All of the records below must be reproduced exactly, minus any pictures.

[Data excerpts]
====

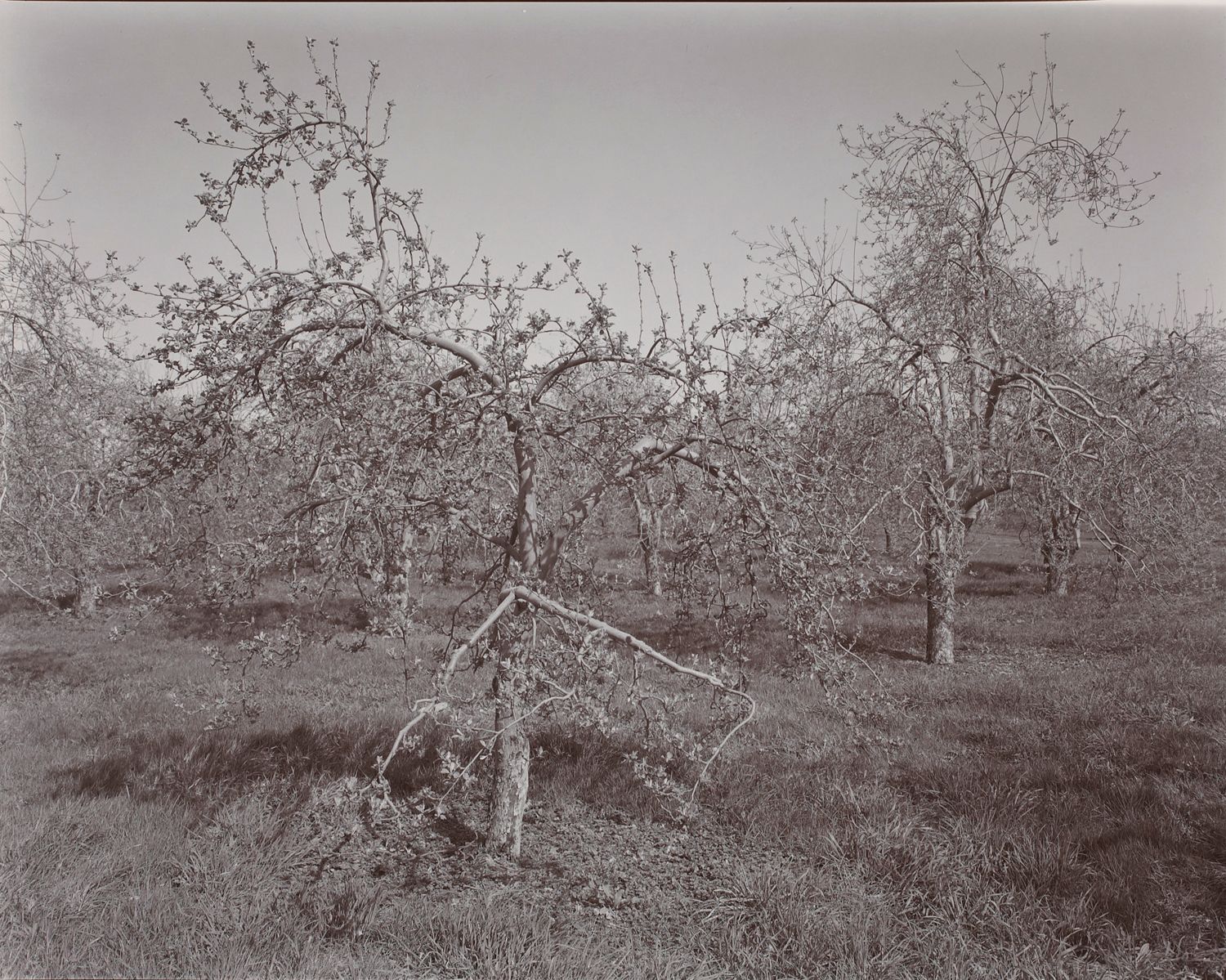Poultneyville Orchard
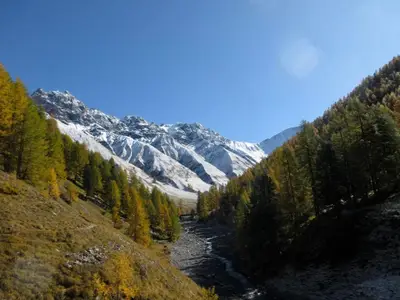 Val Truptschun im Schweiz. Nationalpark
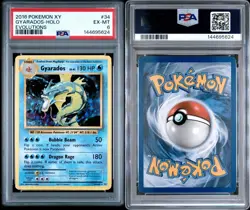 2016 Pokemon XY Evolutions Gyarados Holo #34/108 PSA 6 EX-MT - Image 3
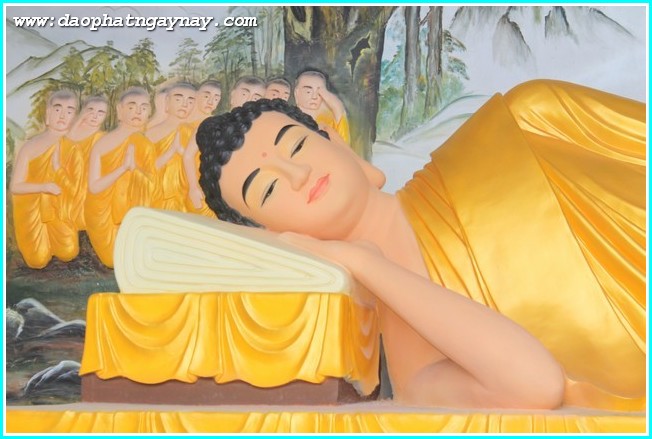 Đại lễ dâng Y Casa Kathina - PL: 2558  Tại Thiền viện Phước Sơn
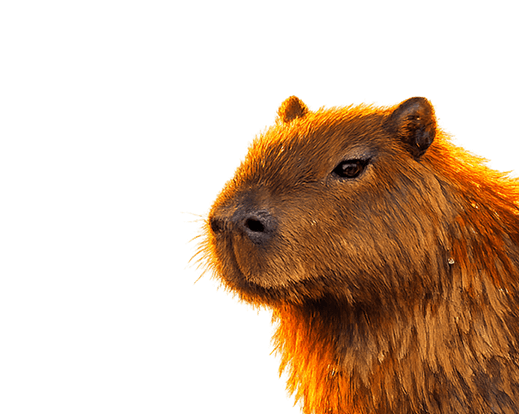 Capivara no campo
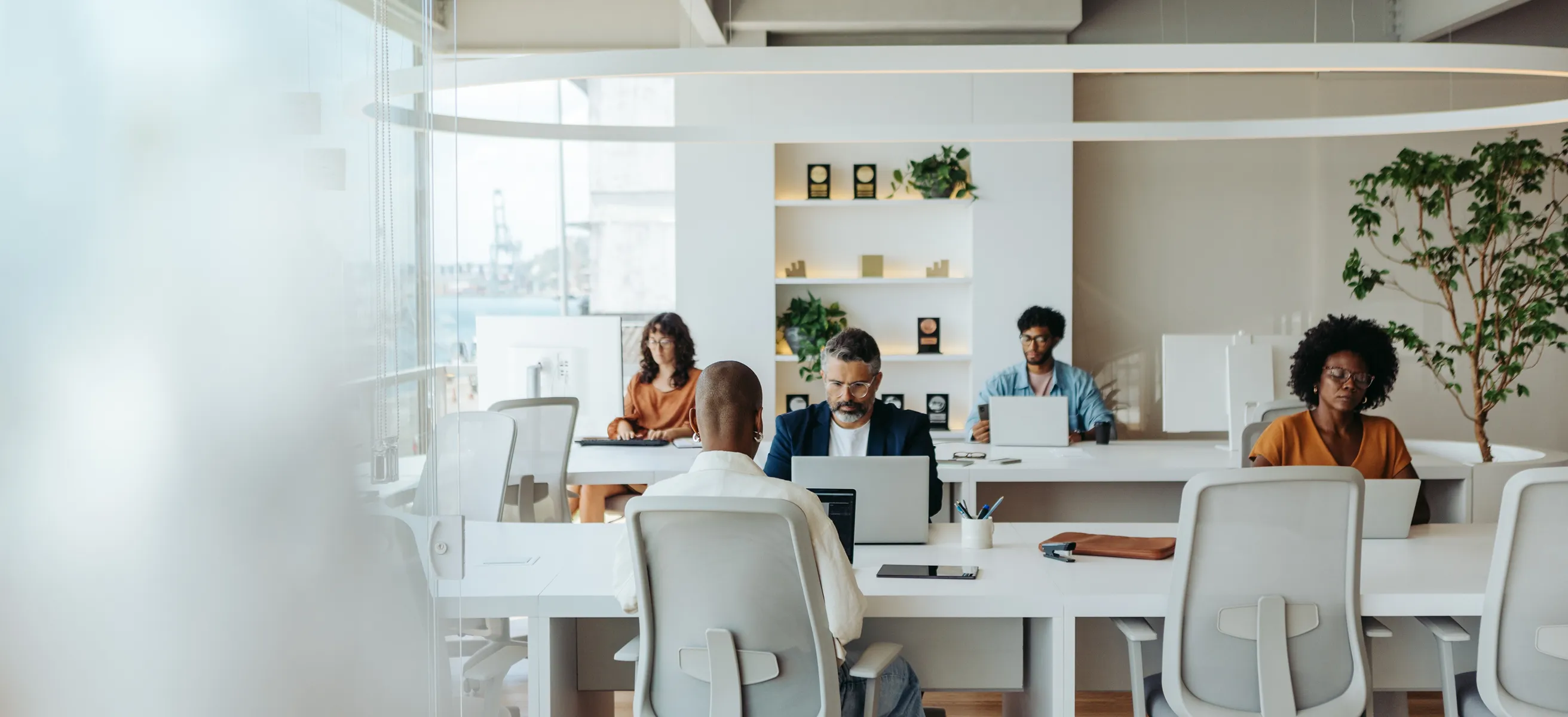 Diverse group of people working on laptops in a modern, bright office with large windows and plants.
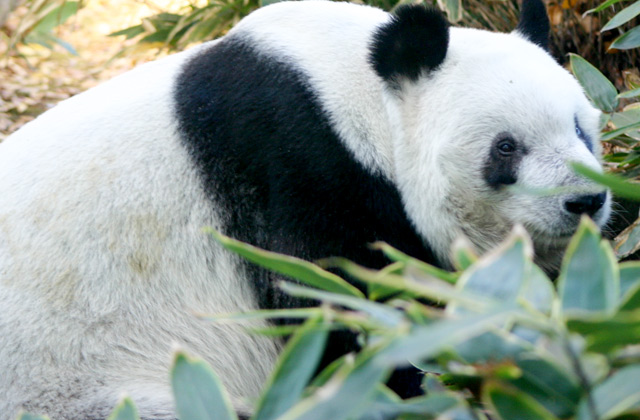Giant Panda, Ueno Zoo | by Flight Centre's Tiffany Apatu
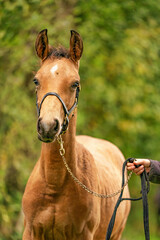 Portrait of buckskin foal, the horse with halter stands in the forest. Autumn sun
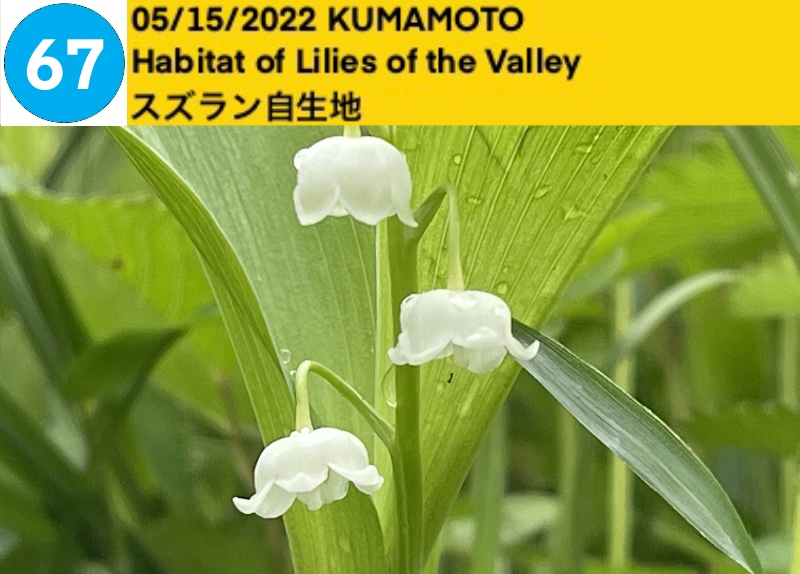 Habitat of Lilies of the Valley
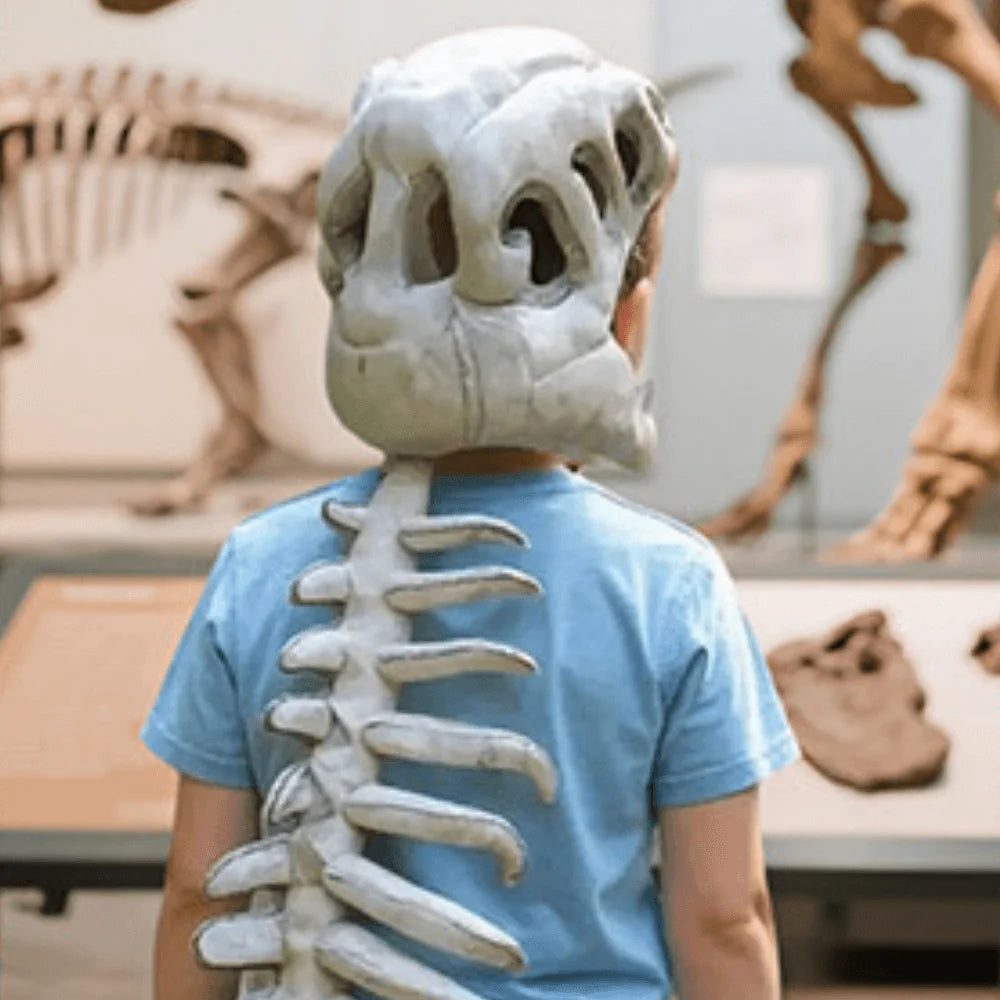 Spinaurus™ - Déguisement Dino En Peluche Pour Enfant Et Parent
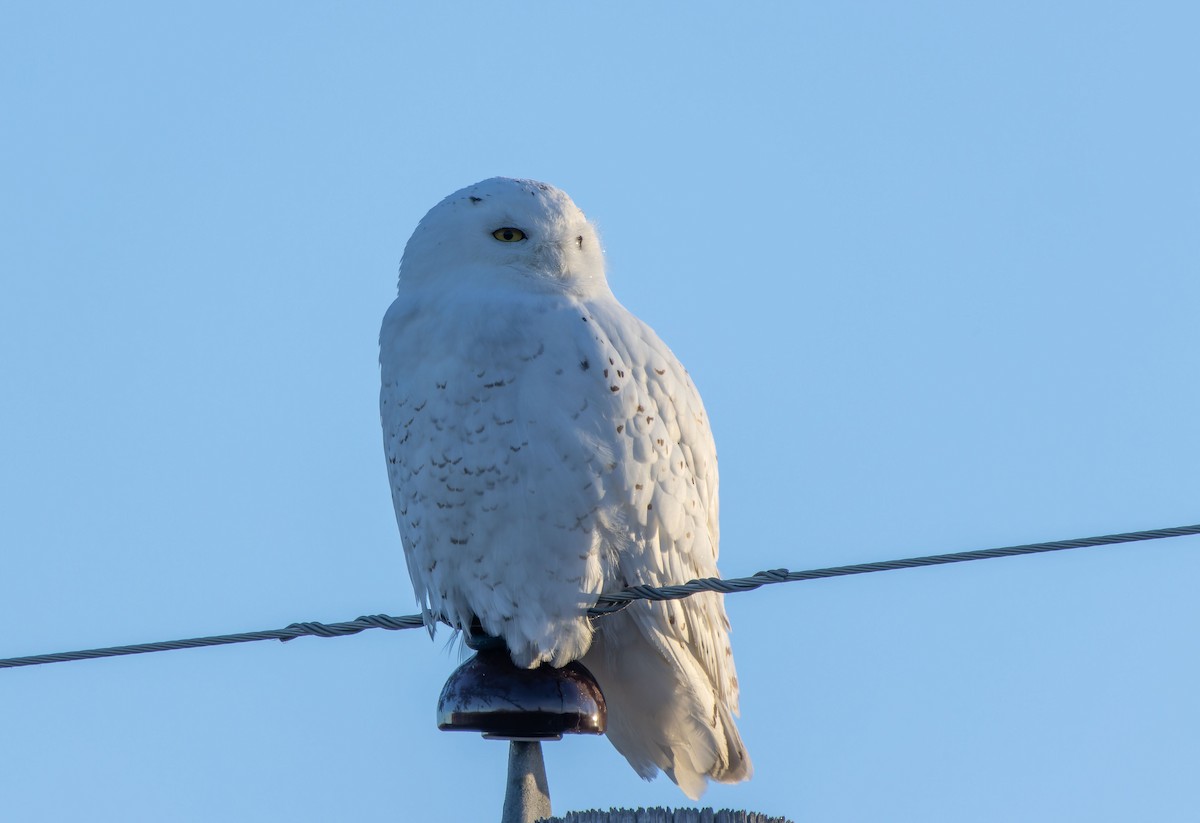 Snowy Owl - ML616660493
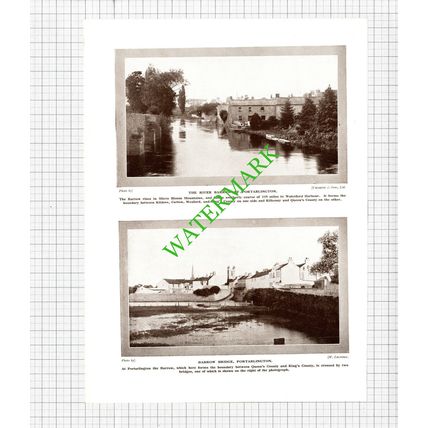 Portarlington Scenes Ireland - 1920's Cutting / Print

====

## Answer space
Poultneyville Orchard
 Val Truptschun im Schweiz. Nationalpark
 2016 Pokemon XY Evolutions Gyarados Holo #34/108 PSA 6 EX-MT - Image 3
 Đại lễ dâng Y Casa Kathina - PL: 2558  Tại Thiền viện Phước Sơn
 Capivara no campo
 Diverse group of people working on laptops in a modern, bright office with large windows and plants.
Giant Panda, Ueno Zoo | by Flight Centre's Tiffany Apatu
 Portrait of buckskin foal, the horse with halter stands in the forest. Autumn sun
 Habitat of Lilies of the Valley
 Spinaurus™ - Déguisement Dino En Peluche Pour Enfant Et Parent
 Snowy Owl - ML616660493
 Portarlington Scenes Ireland - 1920's Cutting / Print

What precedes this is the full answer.